Quarenta anos depois, quem ocupa o palanque é Javier Milei, um economista e professor que se apresenta como libertador do país. Seu discurso é sobre “corrigir a visão distorcida da história”, e em suas ações isso se concretiza em reduzir ministérios, desmontar políticas públicas, privatizar empresas estatais e transformar uma moto-serra em símbolo de poder. A vice-presidente Victoria Villarruel, herdeira direta do discurso militarista, afirma que o que houve no país foi “uma guerra contra o comunismo”, em que “ambos os lados cometeram excessos”. Há algo assustadoramente familiar nesse revisionismo.

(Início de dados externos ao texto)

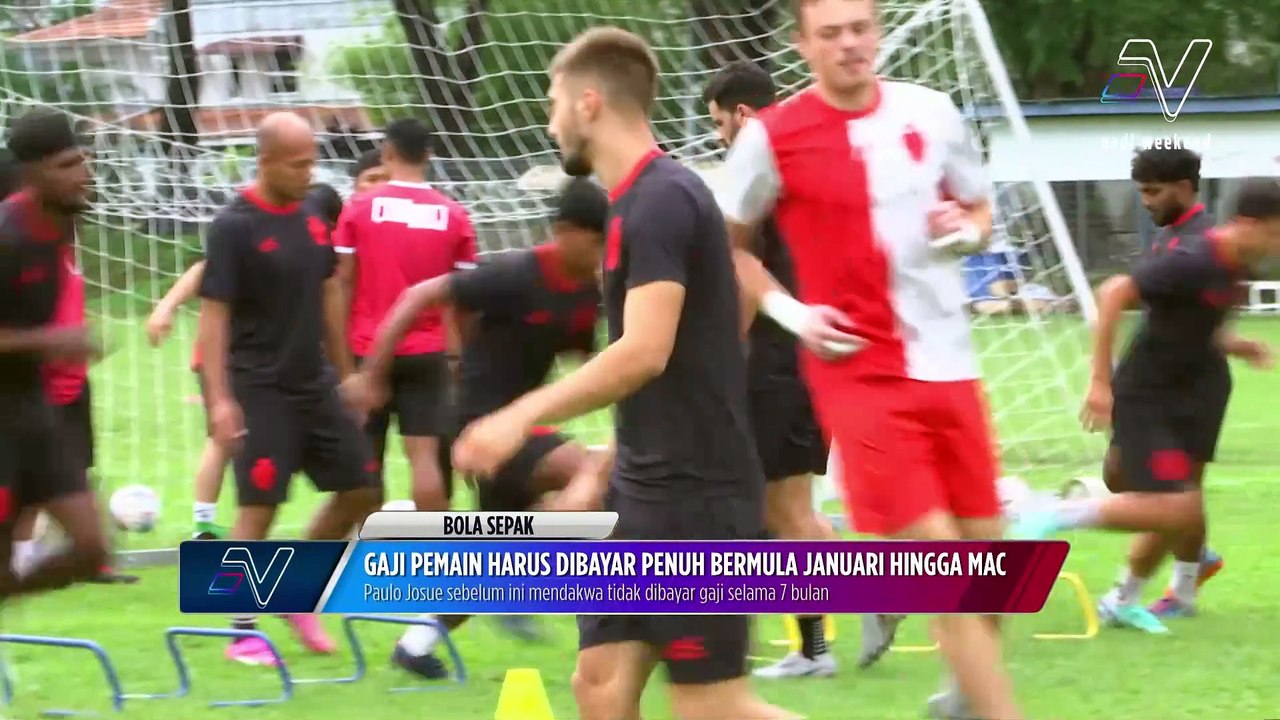 Nokman harap MFL setuju pengurangan pembayaran gaji Januari hingga Mac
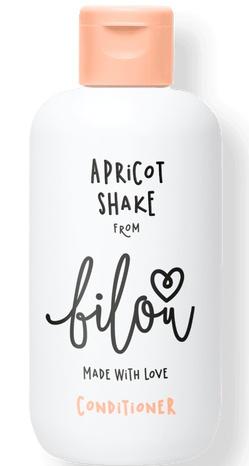 Apricot Shake Conditioner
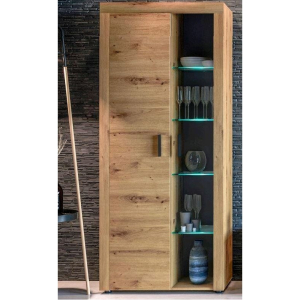 ФОКУС Пенал высокий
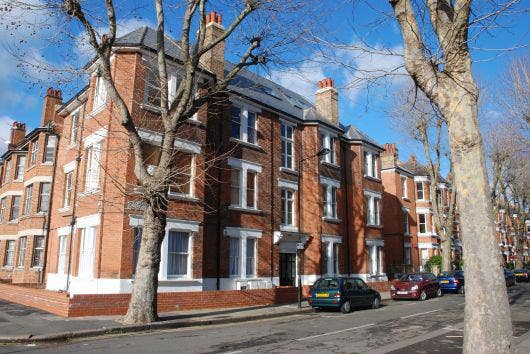 5 Stops to Leicester Sq-400 Deposit-2 Wk Notice Main Photo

Nesse processo, os alvos se repetem: a Secretaria de Direitos Humanos foi rebaixada a subsecretaria; o Museo Sitio de Memoria ESMA, onde funcionou um dos maiores centros clandestinos de detenção da ditadura, sofre cortes e ameaça de esvaziamento. O Banco Nacional de Dados Genéticos, primordial para identificar filhos de desaparecidos que foram adotados ilegalmente, também foi mutilado. Ao todo, mais de 400 trabalhadores de instituições voltadas à memória foram demitidos, como se apagar o passado fosse tão urgente quanto os cortes orçamentários.

As Abuelas de Plaza de Mayo, mulheres que aprenderam a desafiar generais com um lenço branco, símbolo dos filhos detidos e desaparecidos durante o regime militar, carregam a dor de terem perdido duas gerações, agora enfrentam um inimigo mais sutil: a banalização.

Na ditadura, chamavam de “subversivos” até crianças nascidas em cativeiro, hoje, chamam de “gastos ideológicos” os programas que tentam encontrar essas mesmas crianças. A Argentina atual convive com o assombro de ver a história tratada como entulho, como se as mães, os netos, os arquivos e os ossos que ainda esperam por nome fossem um luxo que o mercado não pode mais sustentar.

A guerra contra a memória não caminha sozinha: a economia também sangra. Em 2024, no primeiro ano de mandato de Milei, a moeda argentina foi desvalorizada em 54%, a inflação chegou a 118%, e o número de pessoas abaixo da linha da pobreza alcançava 38% da população conforme dados do Instituto Nacional de Estatísticas e Censos (INDEC).

O Purgatório, de Tomás Eloy Martínez é o lugar onde se espera por um veredito, e talvez seja exatamente nele onde resistem a lembrança e o esquecimento, entre a ESMA e o mercado, entre a dor e o lucro. Só não se enganem: o que está em jogo não é apenas o passado, é o direito a um futuro com memória.


Karine Siqueira é estudante de Jornalismo na UEL, participa da Revista Jornalismo & Ficção na América Latina e desenvolve, no Grupo Gabo de Pesquisa, o projeto de conclusão de curso: “Jornalismo Literário como ferramenta de denúncia no romance Purgatório de Tomás Eloy Martinez”.